En face, Ignazio Cipriani, enfant de Ravenna parti bâtir sa vie aux États-Unis avant de racheter son club de cœur en 2024, voit son rêve d’enfant prendre chair. Lui qui rêvait de porter la Serie A à Ravenna.
« Il m’a simplement inspiré, moi et toute ma génération, à tomber amoureux de ce sport à cause des choses qu’il faisait et qui étaient si différentes », murmurait le président. Avoir Ronaldinho, ce n’est pas seulement de la lumière. C’est de la joie qui se dépose sur toute une ville.
Va-t-il vraiment jouer ? La promesse du dernier but
Au début, le doute a plané, comme une brume légère. Le vice-président Ariedo Braida tempérait : « Ronaldinho sera à un événement marketing avec nous, mais il ne jouera pas en Serie C la saison prochaine. Il a 46 ans… »
Puis le 20 août est arrivé. Et la brume s’est dissipée.

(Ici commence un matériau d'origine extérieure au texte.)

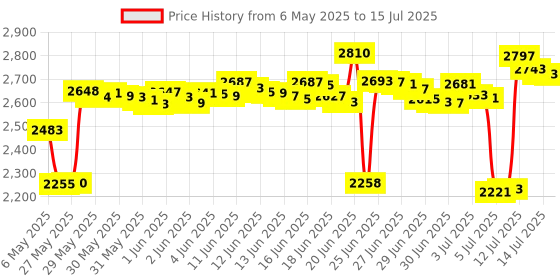 amazon.in Creality Ender 3 /Pro/V2 3D Printer Assembled Extruder MK8 HotEnd Kit 24V with 0.4mm Nozzle Upgrade with Low Friction Creality-Capricorn Tubing creality Price History Graph from 6 May 2025 to 15 Jul 2025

« Ce n’est pas de la poudre aux yeux. Ronaldinho va devenir actionnaire du Ravenna FC, c’est le cœur du projet. Et il a choisi de faire un cadeau extraordinaire à la ville : il foulera la pelouse lors d’un match officiel, avec un objectif clair et romantique, essayer de marquer le dernier but de sa carrière », révélait Cipriani.
Et lui, l’éternel danseur, l’a confirmé devant ses nouveaux tifosi, le 20 août, avec cette humilité qui le rend immense : « Je jouerai certainement quelques minutes dans un match officiel, puis nous verrons comment je me sens. »
Actionnaire, joueur, poète. Il ne signe pas un contrat. Il signe une histoire.
Un symbole : Ravenna au cœur du monde

Ravenna est fondée en 1931. Elle est connue pour ses mosaïques byzantines plus que pour ses buts, pour le vrombissement d’Imola plus que pour le chant des stades. Un petit stade de 12 000 âmes, une troisième place l’an dernier en Serie C.
Et puis, le 20 août, le monde a regardé Ravenna. Des centaines de supporters à l’aéroport, des téléphones levés comme des bougies, des enfants sur les épaules de leurs pères pour apercevoir le magicien.
Au-delà du vacarme médiatique, Ronaldinho est venu déposer une leçon de tendresse :
« J’espère que l’impact sera le plus positif possible. Que d’autres seront également motivés à continuer et à avoir l’opportunité de réaliser leurs rêves, tout comme j’ai réalisé les miens », a dit l’ancienne gloire du FC Barcelone.
Et puis cette phrase, qui est déjà une chanson :
« Nouvelles couleurs, même sourire. J’ai hâte de danser à nouveau avec le ballon et d’écrire une nouvelle histoire aux côtés d’Ignazio et de toute la famille Cipriani. Le football a toujours été une source de joie pour moi, et je veux apporter ce même esprit à Ravenna », déclarait la légende du football mondial.
À 46 ans, le champion du monde 2002, le double Joueur Mondial de la FIFA, le Ballon d’Or, ne revient pas chercher l’or. Il revient offrir de la joie. Sa présentation du 20 août 2026 n’était pas une conférence de presse. C’était une déclaration d’amour au football.